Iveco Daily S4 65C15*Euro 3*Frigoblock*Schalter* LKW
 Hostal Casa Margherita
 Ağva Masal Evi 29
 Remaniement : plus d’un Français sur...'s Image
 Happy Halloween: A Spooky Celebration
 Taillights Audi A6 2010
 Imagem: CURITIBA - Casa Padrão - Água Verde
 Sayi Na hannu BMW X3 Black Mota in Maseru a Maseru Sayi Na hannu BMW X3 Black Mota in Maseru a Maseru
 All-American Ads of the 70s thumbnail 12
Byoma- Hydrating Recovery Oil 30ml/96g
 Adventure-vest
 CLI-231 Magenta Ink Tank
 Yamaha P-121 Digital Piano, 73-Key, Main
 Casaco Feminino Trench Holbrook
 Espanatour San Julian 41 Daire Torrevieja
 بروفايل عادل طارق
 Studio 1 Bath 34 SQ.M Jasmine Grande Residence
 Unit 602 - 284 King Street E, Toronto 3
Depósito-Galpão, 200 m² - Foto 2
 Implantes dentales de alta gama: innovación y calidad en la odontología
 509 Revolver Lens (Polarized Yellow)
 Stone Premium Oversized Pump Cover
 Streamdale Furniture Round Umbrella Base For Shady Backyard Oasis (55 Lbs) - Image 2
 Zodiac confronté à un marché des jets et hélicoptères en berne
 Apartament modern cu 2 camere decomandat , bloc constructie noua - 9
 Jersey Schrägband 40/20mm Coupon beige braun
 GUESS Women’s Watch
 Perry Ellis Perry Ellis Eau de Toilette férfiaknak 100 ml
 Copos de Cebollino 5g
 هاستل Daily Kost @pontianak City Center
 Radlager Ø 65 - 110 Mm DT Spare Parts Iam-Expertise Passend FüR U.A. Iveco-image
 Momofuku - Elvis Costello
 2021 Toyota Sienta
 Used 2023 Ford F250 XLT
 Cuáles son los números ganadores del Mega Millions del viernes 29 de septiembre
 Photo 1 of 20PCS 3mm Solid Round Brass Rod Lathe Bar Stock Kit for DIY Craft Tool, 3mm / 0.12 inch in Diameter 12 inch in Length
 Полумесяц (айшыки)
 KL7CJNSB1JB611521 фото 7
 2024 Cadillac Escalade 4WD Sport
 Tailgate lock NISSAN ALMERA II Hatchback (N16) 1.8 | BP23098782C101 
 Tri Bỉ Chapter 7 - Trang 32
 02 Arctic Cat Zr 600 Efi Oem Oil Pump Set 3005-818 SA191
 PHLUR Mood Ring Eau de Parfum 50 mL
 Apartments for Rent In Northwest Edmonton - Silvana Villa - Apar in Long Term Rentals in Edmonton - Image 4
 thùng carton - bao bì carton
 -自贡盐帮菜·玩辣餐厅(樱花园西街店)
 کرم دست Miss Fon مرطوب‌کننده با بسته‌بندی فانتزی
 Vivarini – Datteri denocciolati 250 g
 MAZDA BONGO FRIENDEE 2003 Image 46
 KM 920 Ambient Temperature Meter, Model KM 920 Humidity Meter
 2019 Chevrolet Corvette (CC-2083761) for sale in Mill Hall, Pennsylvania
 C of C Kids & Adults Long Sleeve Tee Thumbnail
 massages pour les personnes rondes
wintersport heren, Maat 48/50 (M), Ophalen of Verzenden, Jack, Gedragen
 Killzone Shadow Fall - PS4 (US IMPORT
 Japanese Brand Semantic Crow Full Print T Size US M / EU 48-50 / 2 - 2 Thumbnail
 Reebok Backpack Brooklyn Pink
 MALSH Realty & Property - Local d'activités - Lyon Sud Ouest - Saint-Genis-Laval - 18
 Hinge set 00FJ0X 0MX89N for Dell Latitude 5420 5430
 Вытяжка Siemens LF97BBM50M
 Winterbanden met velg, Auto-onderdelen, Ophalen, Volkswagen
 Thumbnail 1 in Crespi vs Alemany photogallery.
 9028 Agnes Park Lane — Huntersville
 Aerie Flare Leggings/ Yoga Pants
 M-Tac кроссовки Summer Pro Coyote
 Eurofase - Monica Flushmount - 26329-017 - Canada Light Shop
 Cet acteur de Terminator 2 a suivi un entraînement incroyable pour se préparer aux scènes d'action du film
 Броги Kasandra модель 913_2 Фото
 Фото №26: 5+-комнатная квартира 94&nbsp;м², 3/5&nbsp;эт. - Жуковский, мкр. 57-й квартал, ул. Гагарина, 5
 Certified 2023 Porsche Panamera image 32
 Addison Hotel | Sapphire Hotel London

☆ ☆ ☆ ☆ ☆ ☆ ☆

## Problem to work on
Set down, unchanged, only those lines above that fall between the line with "Cuáles son los" and the line with "MALSH Realty &", the two end lines included.

## Task answer
 Cuáles son los números ganadores del Mega Millions del viernes 29 de septiembre
 Photo 1 of 20PCS 3mm Solid Round Brass Rod Lathe Bar Stock Kit for DIY Craft Tool, 3mm / 0.12 inch in Diameter 12 inch in Length
 Полумесяц (айшыки)
 KL7CJNSB1JB611521 фото 7
 2024 Cadillac Escalade 4WD Sport
 Tailgate lock NISSAN ALMERA II Hatchback (N16) 1.8 | BP23098782C101 
 Tri Bỉ Chapter 7 - Trang 32
 02 Arctic Cat Zr 600 Efi Oem Oil Pump Set 3005-818 SA191
 PHLUR Mood Ring Eau de Parfum 50 mL
 Apartments for Rent In Northwest Edmonton - Silvana Villa - Apar in Long Term Rentals in Edmonton - Image 4
 thùng carton - bao bì carton
 -自贡盐帮菜·玩辣餐厅(樱花园西街店)
 کرم دست Miss Fon مرطوب‌کننده با بسته‌بندی فانتزی
 Vivarini – Datteri denocciolati 250 g
 MAZDA BONGO FRIENDEE 2003 Image 46
 KM 920 Ambient Temperature Meter, Model KM 920 Humidity Meter
 2019 Chevrolet Corvette (CC-2083761) for sale in Mill Hall, Pennsylvania
 C of C Kids & Adults Long Sleeve Tee Thumbnail
 massages pour les personnes rondes
wintersport heren, Maat 48/50 (M), Ophalen of Verzenden, Jack, Gedragen
 Killzone Shadow Fall - PS4 (US IMPORT
 Japanese Brand Semantic Crow Full Print T Size US M / EU 48-50 / 2 - 2 Thumbnail
 Reebok Backpack Brooklyn Pink
 MALSH Realty & Property - Local d'activités - Lyon Sud Ouest - Saint-Genis-Laval - 18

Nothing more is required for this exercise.